You can tackle this task in several steps using a profiler to see what step you should take next, if any. You can start with one vbo per widget or geometry type, i am using one quad with dimensions 1 by 1. Then i'm setting a size uniform to a shader to scale this quad appropiately to the size of the widget. Also providing a translation uniform for position ofcourse ;).

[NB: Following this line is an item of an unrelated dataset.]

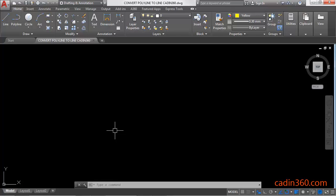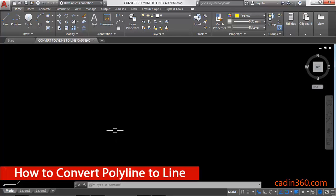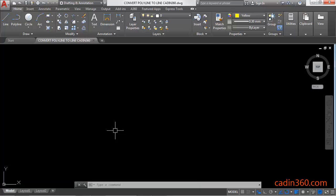How to convert polyline to line in AutoCAD 2018. Hello friends, welcome to Cadyn 360. In this tutorial you will learn how to convert polyline to line in AutoCAD 2018. So let's start.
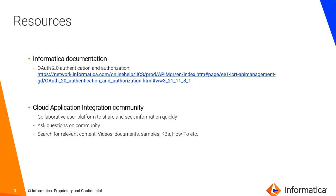For more information you can refer Informatica documentation on the given link. And you can also search for more collateral on cloud app integration community, which is a collaborative user platform for people to share and seek information quickly. You can ask questions on community and have the experts answer those questions. And you can also search for relevant content. For example videos and documents and KBs, examples and how to's.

When you have got this working you will see a huge number of draw calls. What you can do then is either implement the render to texture together with lazy updating, or you could switch to one big dynamic vertex buffer which shouldn't be too bad either knowing whole characters get skinned trough dynamic vertex buffers, so you got some bandwidth availabe. For the first option you might want to make sure to share a depth buffer with your scene's rendering somehow so you can chip off a few of those fragment shader executions. Every fragment behind hud/gui doesnt need to be lit or use other expensive calculations. For the second option you probably first need atlas textures because it wont make much sense to use one big vertex buffer if you still have to switch textures and only render portions. Also if you know your widgets wont be moving very much you might want to make an exception here and drop interleaved vertex formats for a separation between position and uv. You are probably switching textures/uvs more often than positions so this could save you some bandwidth.


#4853319 proper glUniform use

Posted by Murdocki on 24 August 2011 - 12:19 PM

You probably misinterpreted the "not changing frequently" part, uniforms are described as not changing frequently because they're the same for the whole draw call unlike vertex attributes which change every vertex. Also in reply to v-man calling glGetUnitformLocation is a call you are suggested to do load time rather than run time, you want to profile this on your target platform though, in my case it's lots faster to just make the calls than to map them.